Kanchelskis is likely to be out for 10 weeks as a result of a clumsy but not malicious tackle by Lee Sharpe. United meanwhile travel to Russia for their Uefa Cup tie against Rotor Volgograd without Andy Cole, who pulled a hamstring late in the game.

In his place up front Ryan Giggs seized his moment, scoring his first league goal for more than a year. It was a case of all the threes for United. The third time they took the lead yesterday, was enough to avert a third consecutive defeat at Goodison Park, to see off spirited Everton and bring them the three points. Three weeks after looking stripped of their assets, the kids look more than alright. And in three weeks' time, Eric Cantona will be eligible to return.

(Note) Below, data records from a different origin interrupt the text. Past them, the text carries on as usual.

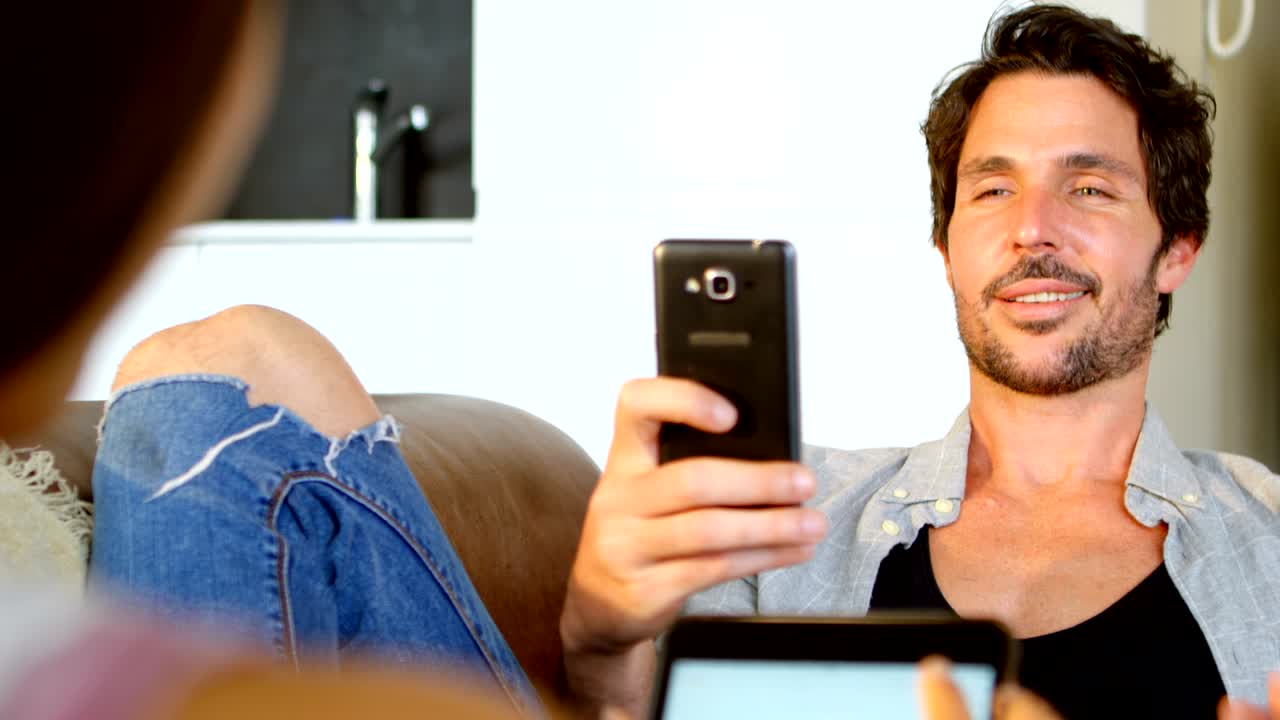 hombre haciendo clic en una foto de su mujer con teléfono móvil 4k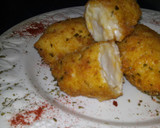 Foto del paso 7 de la receta: Rollitos de pechuga a los 4 quesos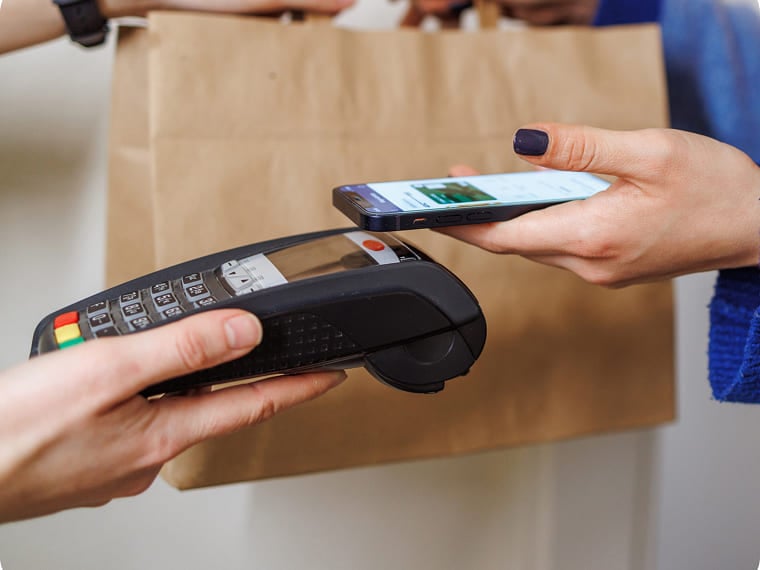 Tapping a smartphone on a credit card reader during a retail purchase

It was a match that marked the return to Premiership action after the international break in appropriate style: thrills and spills, messy at times, but mesmerising in its swiftness. "You couldn't ask for more," the United manager Alex Ferguson said. "It was better than the Cup final wasn't it?"

By the time Everton lost Kanchelskis they were already a a goal down and could have been excused losing some heart thereafter. That, though, is not their problem. Anders Limpar switched to the right to give a probing, persistent performance that picked at the stitching of a United defence looking oddly threadbare with Steve Bruce struggling and Gary Pallister barely fit after sciatica. Even after losing David Unsworth to his second yellow card five minutes from time, Everton threatened to poach a point.

Fortunately for United, further forward there was considerable invention and they always looked capable of finding a goal after conceding one, notably from the fast-developing David Beckham. It is left feet that are usually called educated; Beckham's right probably has an MA.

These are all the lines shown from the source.